As to the words of the debate in Job, and potential overlap with Psalms (or Proverbs), the topic of the Old Testament use of the Old Testament is a hot research topic right now. It is obviously more complex than the NT use of the OT, since the direction of borrowing cannot always be assumed or proved. And of course, not everyone agrees when borrowing has actually taken place. I haven't studied the specific arguments for Job. Do you have verse references? In the case of the Book of Job, there is also a wider discussion as to whether the book is a verbatim record of the conversation between Job and his friends - not least since the entire debate is conducted in poetry! Is it possible that the author has recorded the flow of the argument accurately under the Spirit's guidance but placed the ideas of the speakers in poetic form? In that case, I think the test would be that the participants on reading the book (in heaven!) would recognize the debate as a fair representation of their points.

I'm not sure we can resolve the issue of the date of composition completely, which likely means that we shouldn't worry too much about it. We may be confident that it is an accurate account of the events described, like the rest of the Scriptures, whenever it was first written down. I hope that helps.

PS Even if the Book of Job uses material from the psalms, that does not necessarily mean that it dates from after the collection of the psalms into the Biblical book, which occurred after the exile. Many of those individual psalms existed long before the book, including one written by Moses himself (Ps 90). So in the case of dating relative to (the Book of) Psalms everything is more complicated. We know that Job's story at least was known to Ezekiel (see Ezek. 14), but again that doesn't necessarily prove that it was in the form of the current book.
Thanks for the very helpful response. I especially appreciated this:

"there is also a wider discussion as to whether the book is a verbatim record of the conversation between Job and his friends - not least since the entire debate is conducted in poetry! Is it possible that the author has recorded the flow of the argument accurately under the Spirit's guidance but placed the ideas of the speakers in poetic form?
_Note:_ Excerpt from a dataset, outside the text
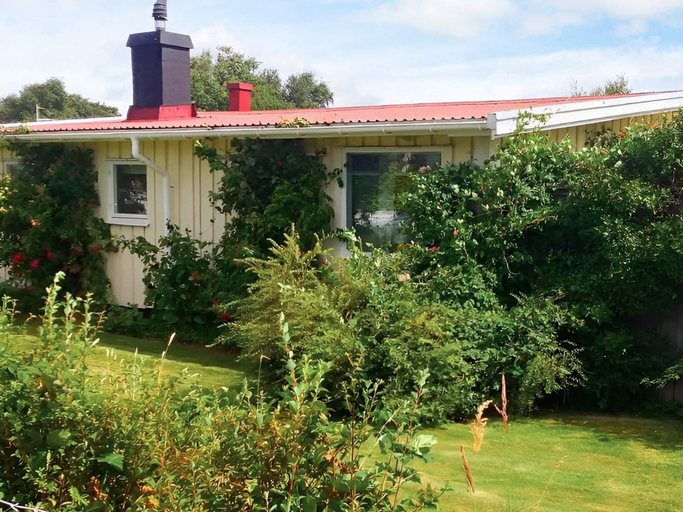 Exterior & Views 1, 4 Star Holiday Home in Mellbystrand, Laholm
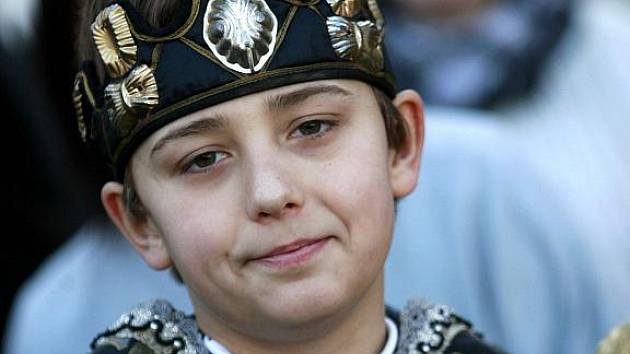 Třináctiletý Jiří Komberec ztvárnil jednu z hlavních rolí při včerejším zahájení Tříkrálové sbírky.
In that case, I think the test would be that the participants on reading the book (in heaven!) would recognize the debate as a fair representation of their points".

I was very confused as to what would exactly "count" as an attack on inerrancy here, so I think this is a helpful way of thinking about it.

As to the verse references, the ESV lists Ps. 107:40 cf. Job 12:21, 24 and Ps. 8:4 cf. Job 7:17-18.
 

iainduguid

Puritan Board Sophomore
Thanks for the very helpful response. I especially appreciated this:

"there is also a wider discussion as to whether the book is a verbatim record of the conversation between Job and his friends - not least since the entire debate is conducted in poetry! Is it possible that the author has recorded the flow of the argument accurately under the Spirit's guidance but placed the ideas of the speakers in poetic form? In that case, I think the test would be that the participants on reading the book (in heaven!) would recognize the debate as a fair representation of their points".

I was very confused as to what would exactly "count" as an attack on inerrancy here, so I think this is a helpful way of thinking about it.

As to the verse references, the ESV lists Ps. 107:40 cf. Job 12:21, 24 and Ps. 8:4 cf. Job 7:17-18.
The Psalm 8 and Job 7 pairing is a good example. They have in common "What is man...?" (mah 'enosh) and the verb paqad ("take care of"/"visit"). That's certainly interesting but not entirely conclusive. In contrast the connection between Ps 8:4 and Ps 144:3 is more compelling to me, combining "what is man..." with the "man/son of man" parallelism (the order is switched from 'enosh...'adam to 'adam...'enosh), the kind of reversal that is common in texts that quote other Biblical texts. Even if we assume that Job and Ps 8 are linked, one piece of evidence that would favor Job as source text is the fact that "What is man...?" (mah 'enosh) also occurs in Job 15:14, where it seems unlikely to be referring to Psalm 8. Frances Anderson notes that scholars are divided on which came first, though both he and John Hartley in the NICOT call Job a "parody" of Ps 8. That's a statement rather than an argument, and a long way from the kind of rigorous methodology being developed by those who are working these days specifically on OT use of the OT.

Ps 107:40 is, I think more clear cut as a usage of Job 12:21-24: it is a feature of citing texts to draw parallels from a wider part of the source text (summarizing) as appears to be the case here. Moreover, Ps 107:38-43 reads a lot like reflection on Job's experience, making it more likely that the psalm is quoting Job (unless you want to argue that the entire book of Job is a reflection on the end of Psalm 107, which seems like a stretch). Allan Harman notes the apparent use of Job 5:16 and 22:19 in v. 42, which seems to clinch it.

As I noted earlier, Ps 107 doesn't really help too much with the dating of Job since it is the first psalm in Book 5 of the psalter, written, it appears, to introduce this last book, so very likely post-exilic (see Palmer Robertson's Flow of the Psalms for other evidence pointing in that direction). But it does demonstrate that the borrowing can go from Job to Psalms rather than necessarily being the other way.

Again, I hope this is useful to you.